The little dogs, the Muff-toy-terriers, which had continued in favour since the Regency, were more in request now than ever; every woman of fashion had her pug and her King Charles’ pet, like those small dogs that now come from Havanna.
In the celebrated coloured engraving of Debucourt, La Galerie de Bois au Palais-Royal, in 1787, we see circulating in the midst of that strange crowd which was called the medley of the Palais-Royal, extravagant types, among them women holding in their hand beside their furred cloak those incredible Muffs of an immense size, which figure also under the arms of the masked gallants of the time, with a small bow of satin attached to the fur.

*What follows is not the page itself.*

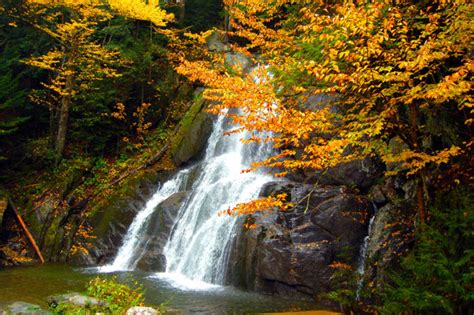 Take This Gorgeous Fall Foliage Road Trip To See Vermont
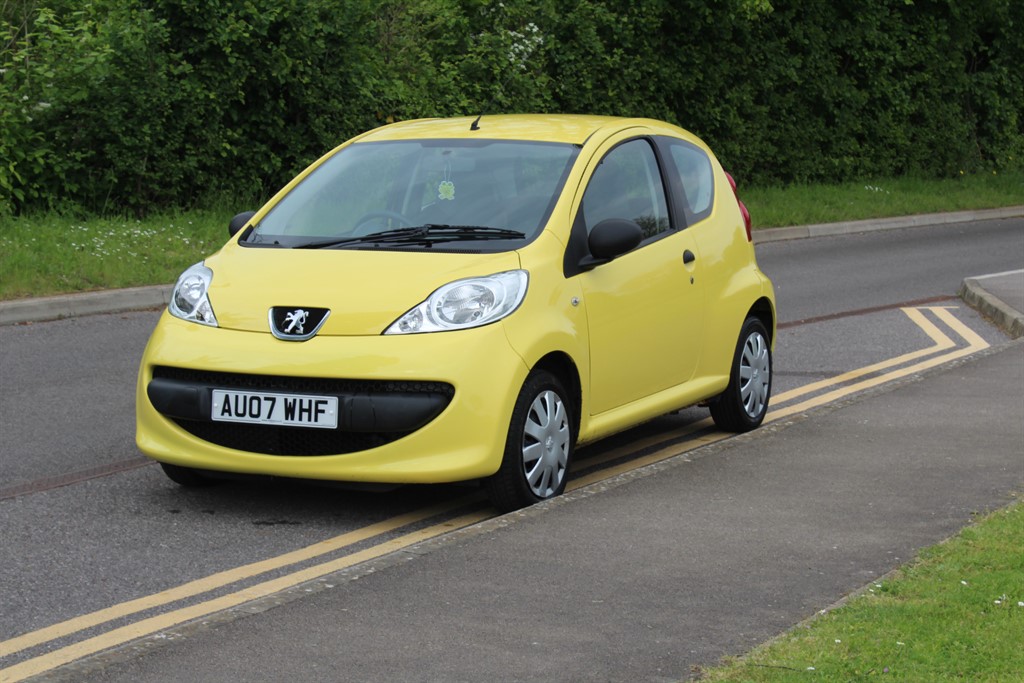 We review the Peugeot 107 from price to economy and all its features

Under the Revolution and the Directory the fashion of Muffs was extremes, either broad as little barrels, or narrow and minuscular; in other respects the fashion varied infinitely, and we must come to the Restoration to find the first chinchilla Muffs which harmonised with the velvet witchouras. Absurd fashions to study! What Muff would the painter choose who wished, by way of allegory, to show a grasshopper shivering in the hoar frost and the snow, to whom charitable Love brings a downy Muff? A pretty subject for a concourse of an Academy which claimed to be précieuse and refined.
In 1835, Muffs, boas, palatines, cloaks lined with marten or fox, affected odious and indescribable forms: they used to make for a time Glove-Muffs, a sort of mittens of marten, which were soldered on to one another where the hands crossed. The Muff, that accessory of the toilet, ought to be in harmony with the general tonality and style of costume. Therefore, to undertake to describe it at that epoch would be only possible in sketching a complete history of Fashion.

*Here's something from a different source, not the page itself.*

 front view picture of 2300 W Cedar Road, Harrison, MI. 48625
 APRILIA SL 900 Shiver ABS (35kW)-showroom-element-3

The picturesque Muff of 1830 to 1850, is assuredly the big Muff of the Parisian or provincial tradeswomen, those Muffs, larders and lumber-rooms, which we meet in the deobstruent tales of Paul de Kock, and see figuring in the primitive tilted spring-carts driven by the master, in which are packed the mistress and all the assistant clerks, with a view to exploring some suburban corner on Sunday, there to laugh with their muffs pressed before their mouths, and to act a thousand follies of a doubtful taste, and to banquet plentifully, and to sing during the dessert some free-and-easy ditty, very jovial, after the fashion of those pleasant couplets of Laujon on The Muff, which I will quote here, with the more confidence, since they figure in the Chansons de Parades collected by that boon companion, who was at the same time member of the Caveau and of the Institute:—
See what it is to be too good!
One morning, leaving the warm fold
Of home, Simon I saw, who stood
And shivered in the nipping cold;
He cried, “Come here, you little pearl,
I feel so very cold, my girl!”
Now warm yourself!
Simon, good sir, ensconce yourself!
I’ll lend you, sir, my bran-new Muff!
I’ll lend you, sir, my bran-new Muff!
“I feel so very cold, my girl!”
Ay me! I had my new Muff on.
My head was surely in a whirl
To lend it to the good Simon.
That day my kindness cost me dear;
My Muff is spoilt for all the year!
Now warm yourself!
I’ll lend you, sir, my bran-new Muff!
My Muff is spoilt for all the year,
For Simon’s ways are rather rough;
And he knows nought of doubt or fear,
He quite destroyed my poor new Muff!
Simon, you’ve ruffled all its fur,
Made it too large, you careless sir!
Now warm yourself!
I’ll lend you, sir, my bran-new Muff!
Made it too large, you careless sir!
See: it has been entirely spoiled,
’Tis metamorphosed, I aver;
And seems all rumpled up and soiled.
’Tis like my aunt’s Muff, all agape,
Quite out of countenance and shape!
Now warm yourself!
Simon, good sir, ensconce yourself!
I’ll lend you, sir, my bran-new Muff!
I’ll lend you, sir, my bran-new Muff!
What laughter, what shouts, what chokings, in those parties à la Paul de Kock, when an artless maiden—at the time when pleasant digestion had set its bloom on all faces—sang, one by one, these ancient couplets, with an air at once of a whimpering girl and of a woman full of coquettish intelligence.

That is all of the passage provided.